*** DATASET SECTION Section Begins ***

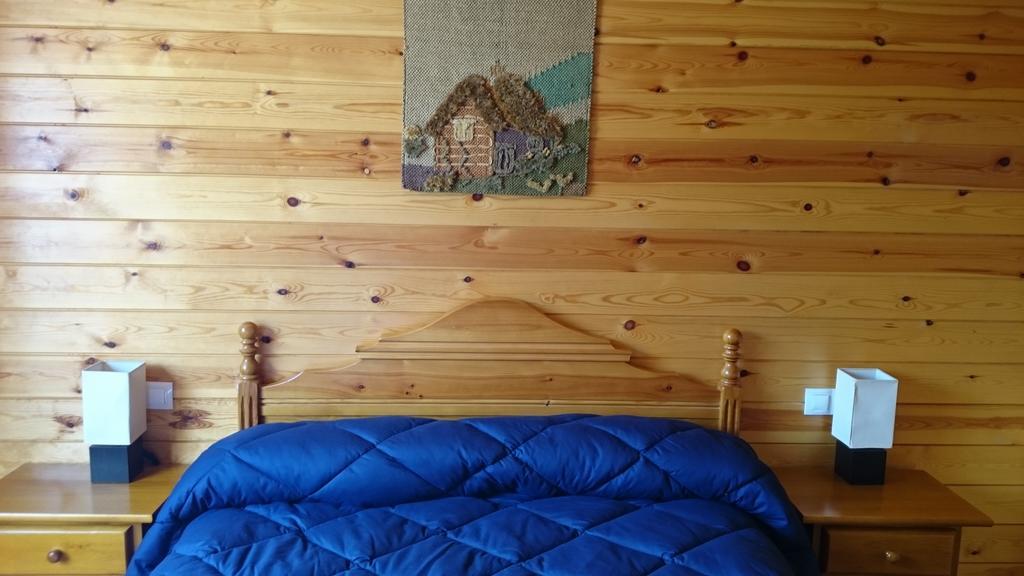 Casa Rural Los Canos Fuente-Álamo 部屋 写真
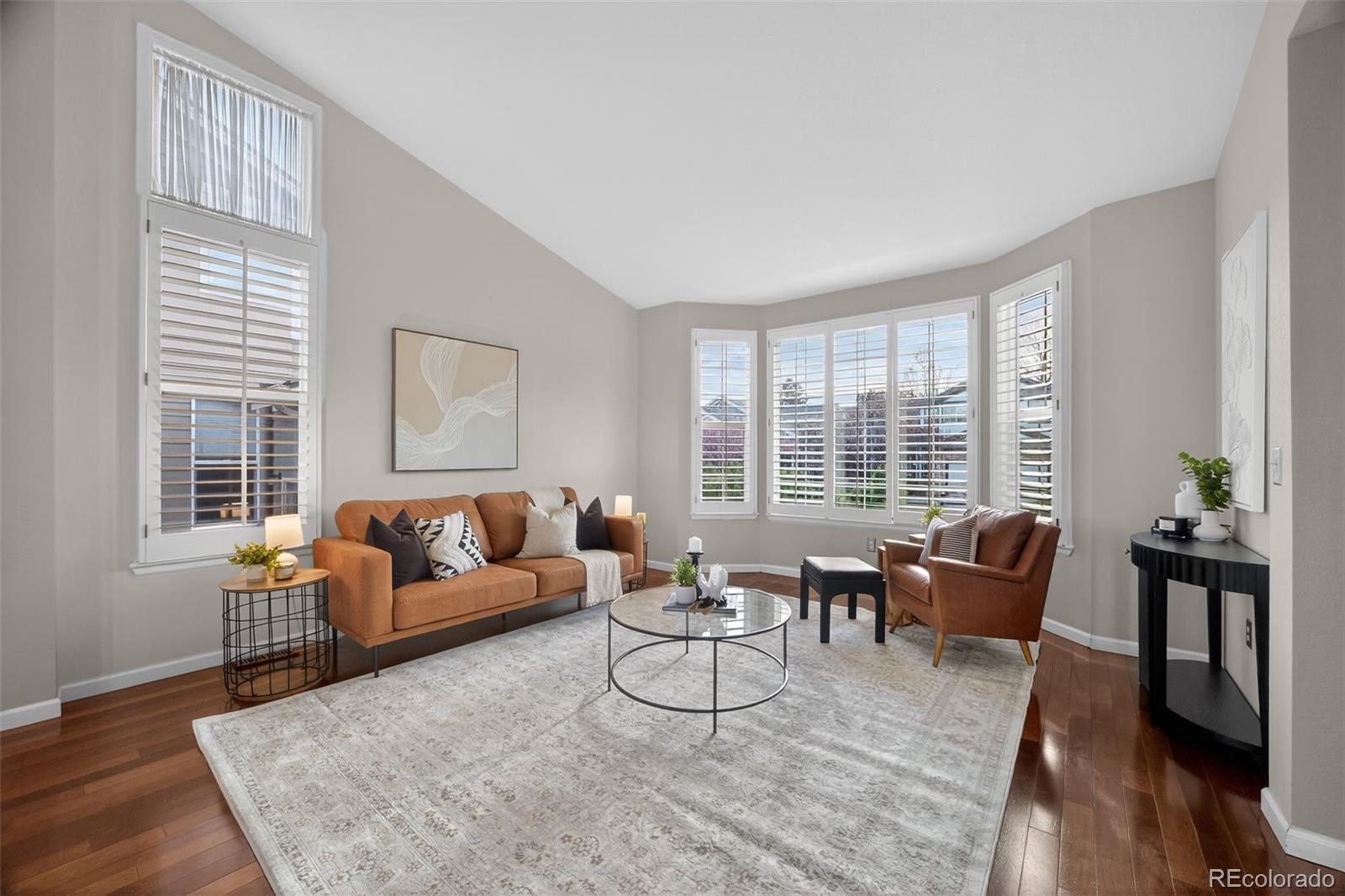 MLS Image #5 for 8756  cresthill lane,highlands ranch, Colorado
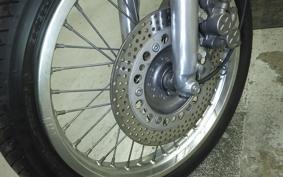 HONDA GB250 CLUBMAN GEN 2 2015 MC10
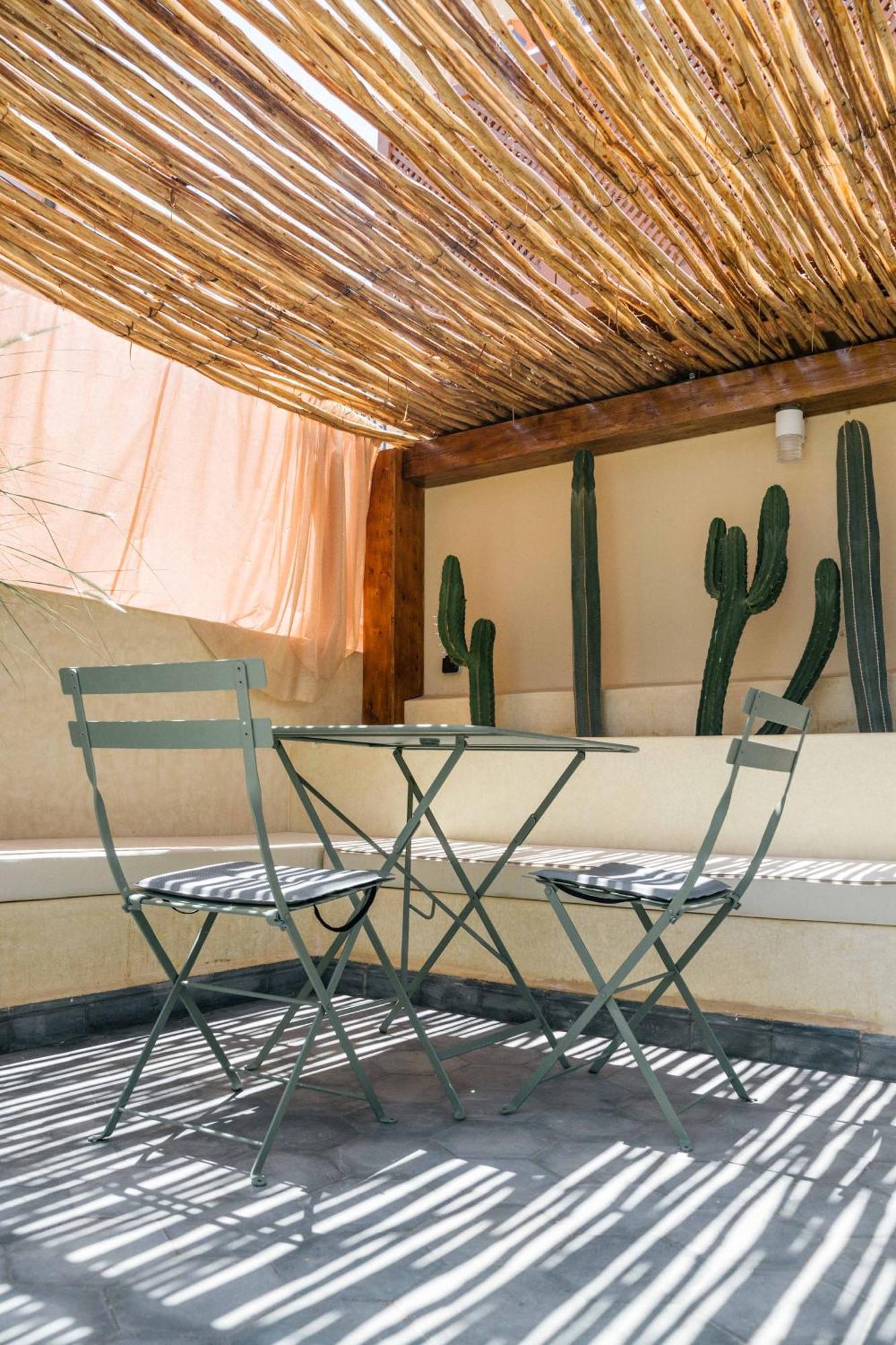77 By Riad Club Marrakesh Esterno foto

*** DATASET SECTION Section Ends ***

#### ABOUT THIS TASK
Give back all the material exactly, with no pictures.

#### WRITTEN SOLUTION
 Casa Rural Los Canos Fuente-Álamo 部屋 写真
 MLS Image #5 for 8756  cresthill lane,highlands ranch, Colorado
 HONDA GB250 CLUBMAN GEN 2 2015 MC10
77 By Riad Club Marrakesh Esterno foto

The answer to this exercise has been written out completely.